Austin-based modular-home company Kasita is looking toward the future.

“There are all these underutilized plots of land nationwide [where]you wouldn’t find traditional construction in terms of apartment complexes or single-family homes,” Kasita’s creative director, Susannah Haddad, says.

Whitney Stafford (left) and Susannah Haddad (right)

Based on the philosophy of living light, Kasita has engineered its micro-homes to fill such niches in the urban jungle.

Compact creations

Kasita homes are unique in that they’re fully constructed before they touch ground. The prefabrication process speeds up build times and lowers unexpected costs for buyers.

“That type of building is really appealing to both developers and architects, and has been for a long time because they really understand the efficiency of it,” Whitney Stafford, Kasita’s experiential-marketing manager, says.

But despite Kasita’s small footprint (Its homes stand at just 374 square feet.), it tries to distance itself from the connotations that tiny homes carry.

“We’re trying to play a different game than the tiny-home community,” Stafford says.

Instead of a mentality focused on a mobile, get-out-to-the-country type of home, the company is more focused on solving the issues of urban space with permanent structures.

Construction, evolved

The inspiration for Kasita came from the need for affordable housing in a swelling urban environment.
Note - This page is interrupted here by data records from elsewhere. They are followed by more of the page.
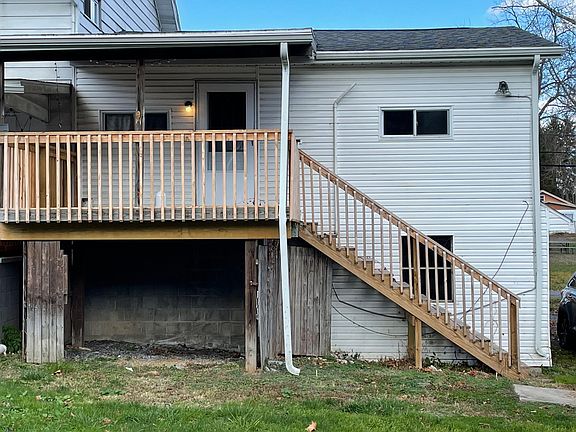 3rd image of 18 Austin Way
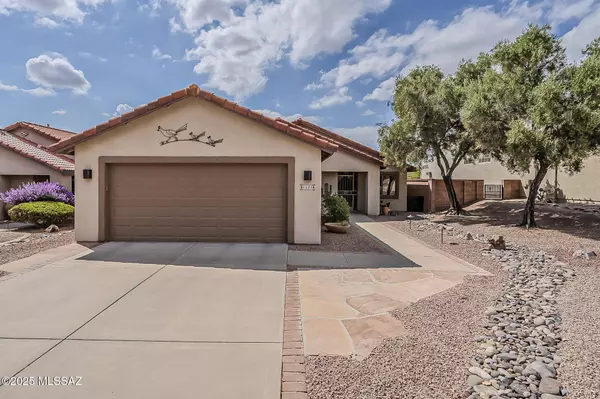 1125 W Ashworth Road, Green Valley, AZ 85614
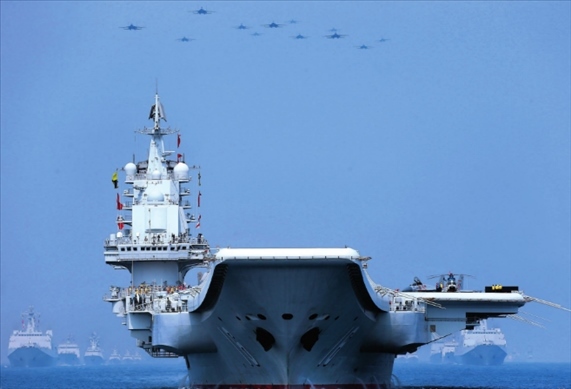 制空作戰(zhàn)梯隊飛越航母編隊上空（2018年攝）。 張雷攝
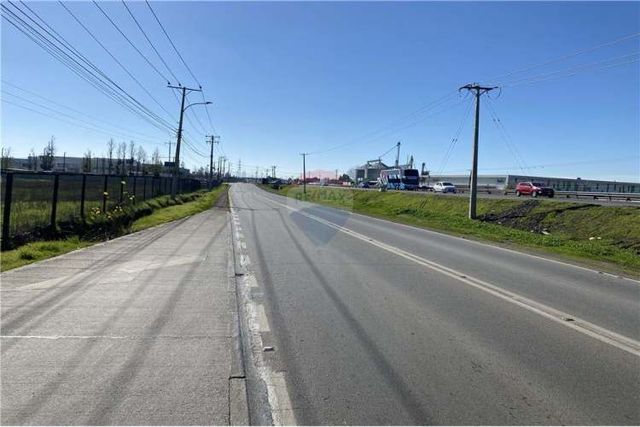 Se arrienda terreno industrial 9.500 m2  3km talca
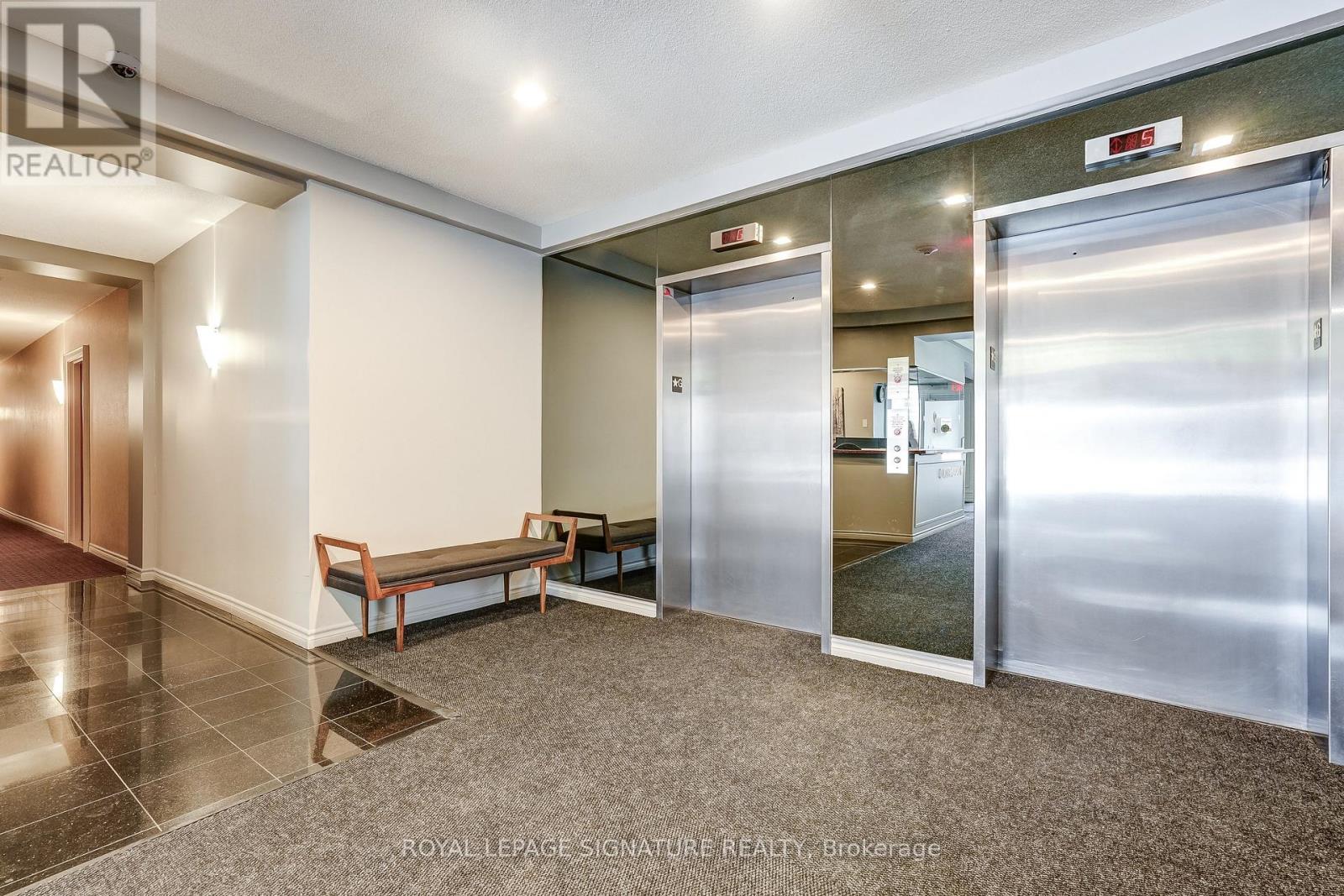 301 - 483 Faith Drive, Mississauga, Ontario  L5R 0A1 - Photo 12 - W12940290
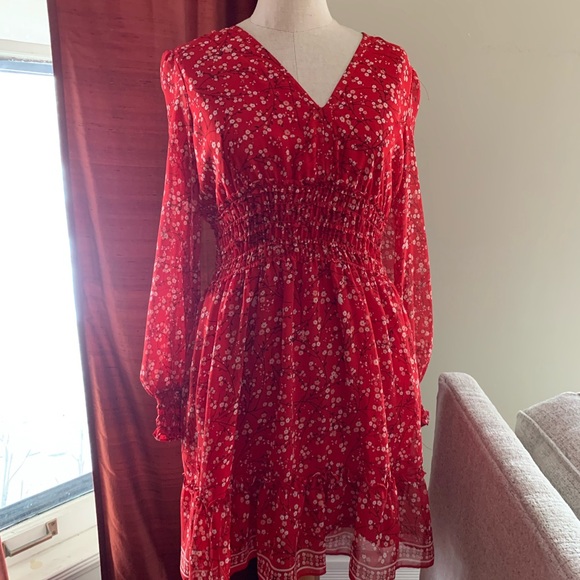 Max Studio Dresses & Skirts - Max Studio Red Floral Short Dress with Long Sleeves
To tackle these issues, the construction industry needed to change.

“So many industries…have all innovated and gone through an evolution,” Haddad says, “and the construction industry really hasn’t gone through a big evolution in the last decade.”

More than 1,000 hours went into Kasita’s design, with the goal of maximizing every square inch of room. From airy living areas to a cozy kitchen, the feeling of space in a Kasita home betrays its small size.

Furthering the idea of reinventing the home, Kasita can be entirely controlled by technology, although there are still manual buttons for the traditionalists.

“We’re trying to create and cultivate this lifestyle of living lightly,” Haddad says, “having a home that gets smarter the way we get smarter, and learning from the folks living [inside]it to provide a more efficient and maximized life.”

Their modular structure also allows these micro-homes to be stacked, forming what Kasita reps call “communities.” It’s this conglomeration of micro-homes they hope will be that evolution we’ve been waiting for.


At the moment, Kasita’s biggest challenge is reframing the notion of what a home should be, but Stafford says she’d love to initiate that conversation.

“I think cities…want solutions and we want to work with cities and developers to be part of that solution,” she says.

If one thing is certain, it’s that Austin isn’t getting any cheaper and rent is only increasing. Living small may have its unexpected challenges, but maybe everyone could benefit from a life a little lighter.